Crawled caption data:

========

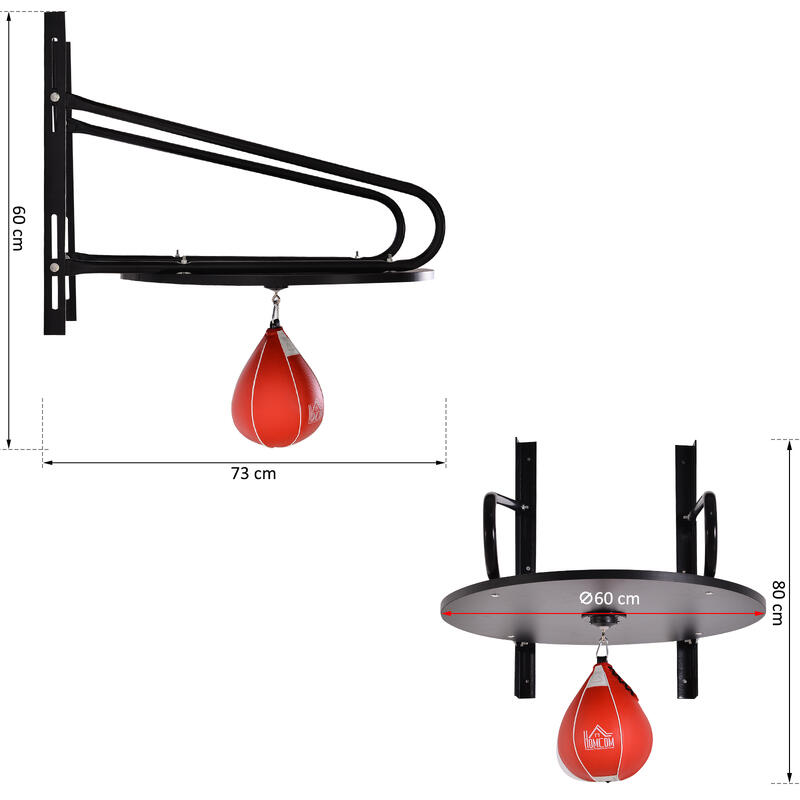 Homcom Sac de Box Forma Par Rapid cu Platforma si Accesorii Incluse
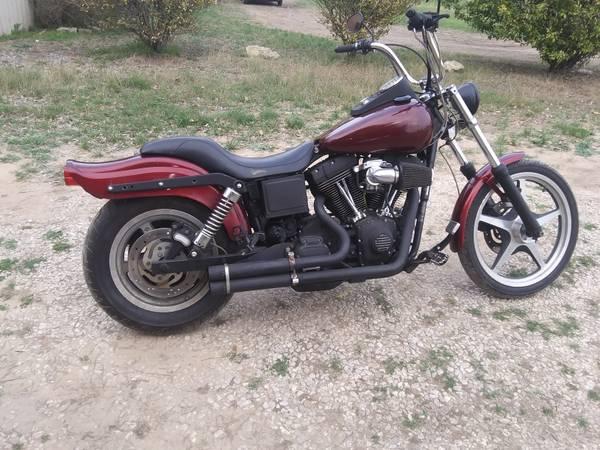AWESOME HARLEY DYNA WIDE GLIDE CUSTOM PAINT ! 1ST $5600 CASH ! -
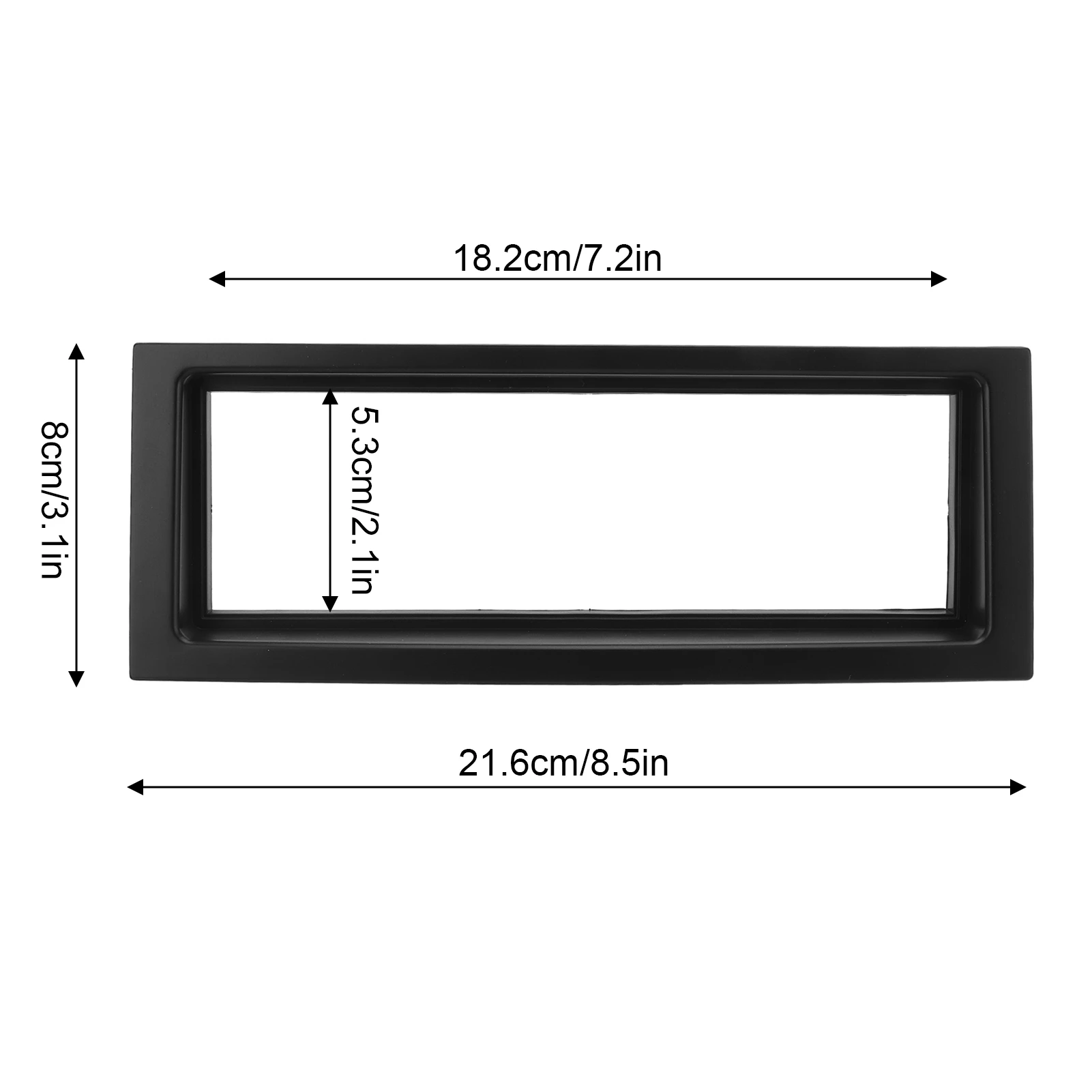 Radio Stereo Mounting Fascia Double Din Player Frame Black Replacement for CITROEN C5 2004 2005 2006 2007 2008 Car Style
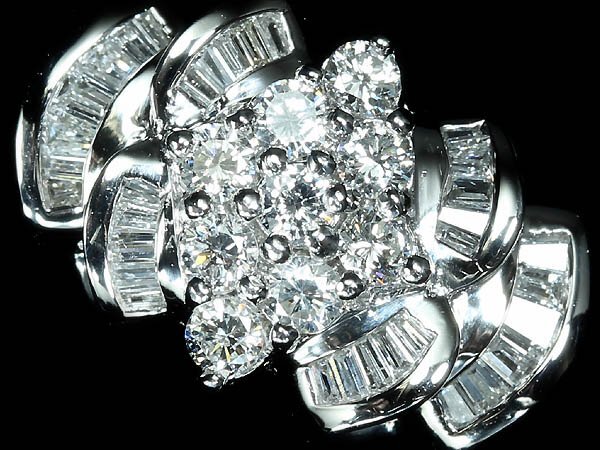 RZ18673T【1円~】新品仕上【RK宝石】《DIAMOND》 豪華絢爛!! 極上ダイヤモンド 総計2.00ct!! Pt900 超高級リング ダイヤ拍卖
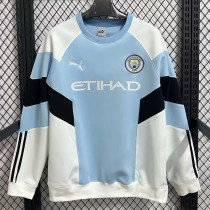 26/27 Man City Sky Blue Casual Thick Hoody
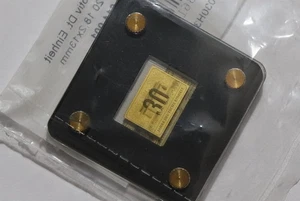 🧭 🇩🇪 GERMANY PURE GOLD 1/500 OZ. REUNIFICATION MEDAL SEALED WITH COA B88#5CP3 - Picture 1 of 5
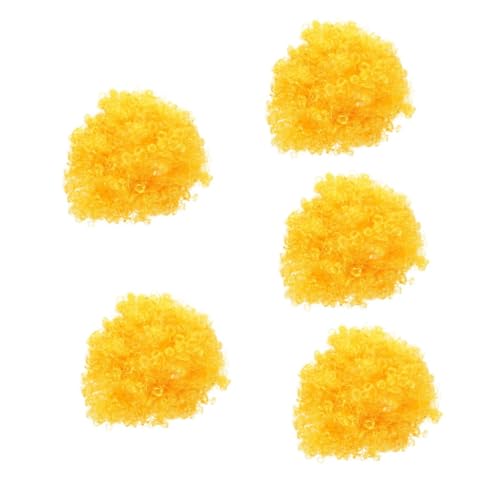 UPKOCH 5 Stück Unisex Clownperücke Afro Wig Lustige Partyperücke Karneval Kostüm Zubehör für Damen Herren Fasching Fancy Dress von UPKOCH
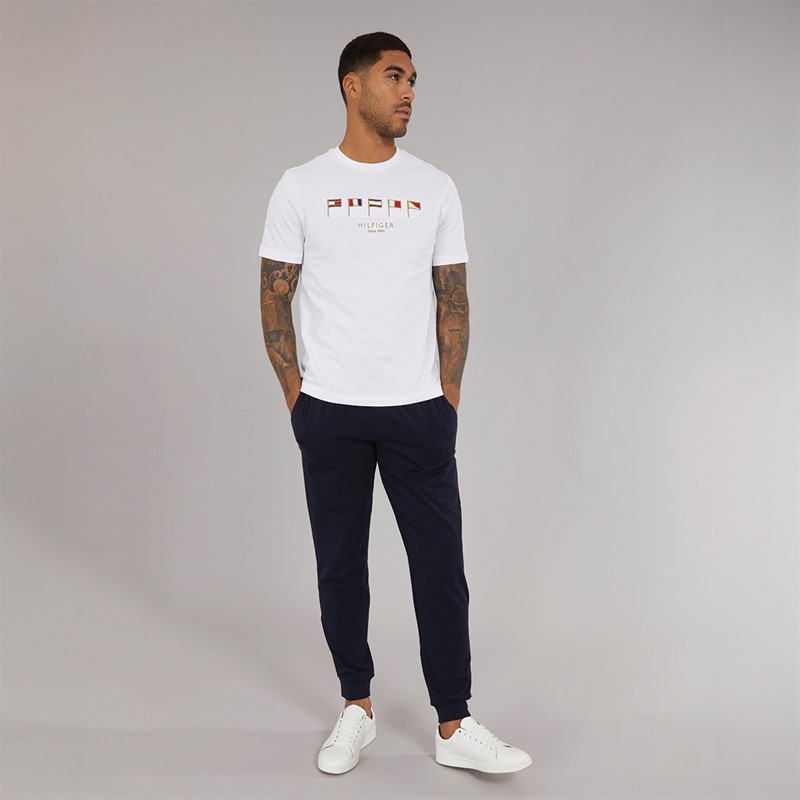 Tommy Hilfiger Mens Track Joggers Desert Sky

========

• _Task instructions_
Exact text is required for the lines from the one with "Picture 1 of 5" through the last line of the entries, both included. Omit pictures.

• _Reply to the exercise_
 🧭 🇩🇪 GERMANY PURE GOLD 1/500 OZ. REUNIFICATION MEDAL SEALED WITH COA B88#5CP3 - Picture 1 of 5
 UPKOCH 5 Stück Unisex Clownperücke Afro Wig Lustige Partyperücke Karneval Kostüm Zubehör für Damen Herren Fasching Fancy Dress von UPKOCH
 Tommy Hilfiger Mens Track Joggers Desert Sky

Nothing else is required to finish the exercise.